A Twist.

Well, no one said questing is easy. (I’m assuming.)

I started the writing course that I mentioned last time, but it didn’t resonate with me the way I hoped. In an interesting twist, it really made me reconsider this whole concept I have of myself as a writer-to-be. I’ve avoided writing here the last month as I mulled over that.

It felt like this whole blog would be kind of pointless if I abandoned the “writer” pursuit, but I’m back here now because I realize the blog’s title and tagline couldn’t be more relevant to this. “To nap or to quest?” remains the question of the day, and the craving to find a story that feels true to me feels more real than ever.

Over 800 other people are also doing this writing course I signed up for, and once we were all in one place communicating, I couldn’t get over how much navel-gazing was going on.
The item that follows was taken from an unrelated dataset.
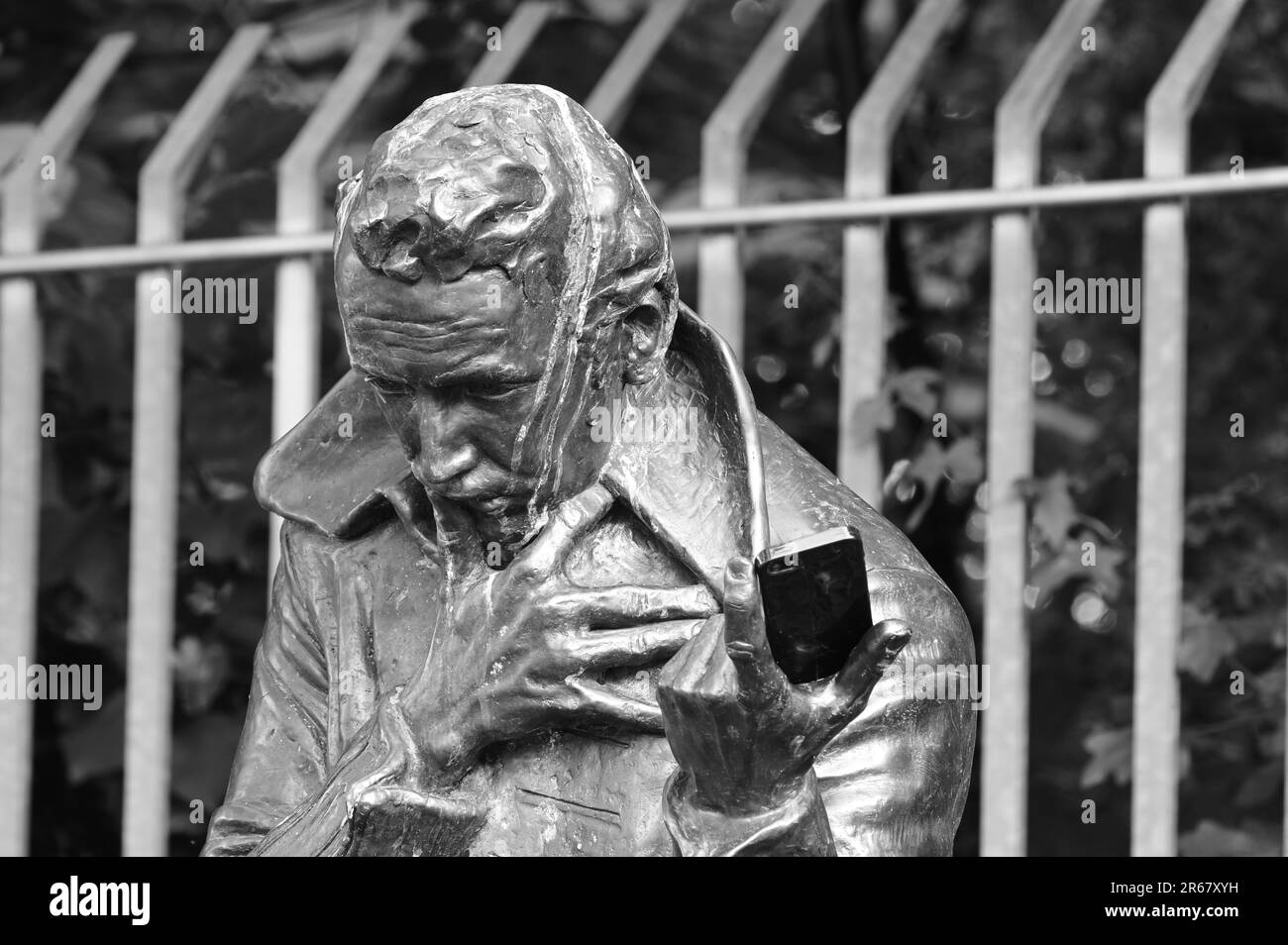 Gros plan d'une statue en bronze d'un homme tenant un smartphone en noir et blanc Banque D'Images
I guess it’s part of writing – you do have to do a fair amount of looking at yourself to write in a way that connects  – but there’s a point where it all becomes more crippling than anything. And I don’t know that I want to encourage that part of myself, not right now. God knows I navel gaze enough.

Once it hits you that everyone has had it rough, and everyone is living a strangely similar twist on your own sob story, you realize there’s no reason why you use your own as such a crutch, as if you’re the only one who should be excused to lean on it.

So we’re in a process of letting the “writer” dream percolate. Or – perhaps more accurately – the “why” and the “when” behind it. Maybe this is just another excuse, but at least it feels like it has more substance than many of my others.

I’m coming to realize the progress doesn’t always look like forward movement. Sometimes it’s simply finding peace with where you are.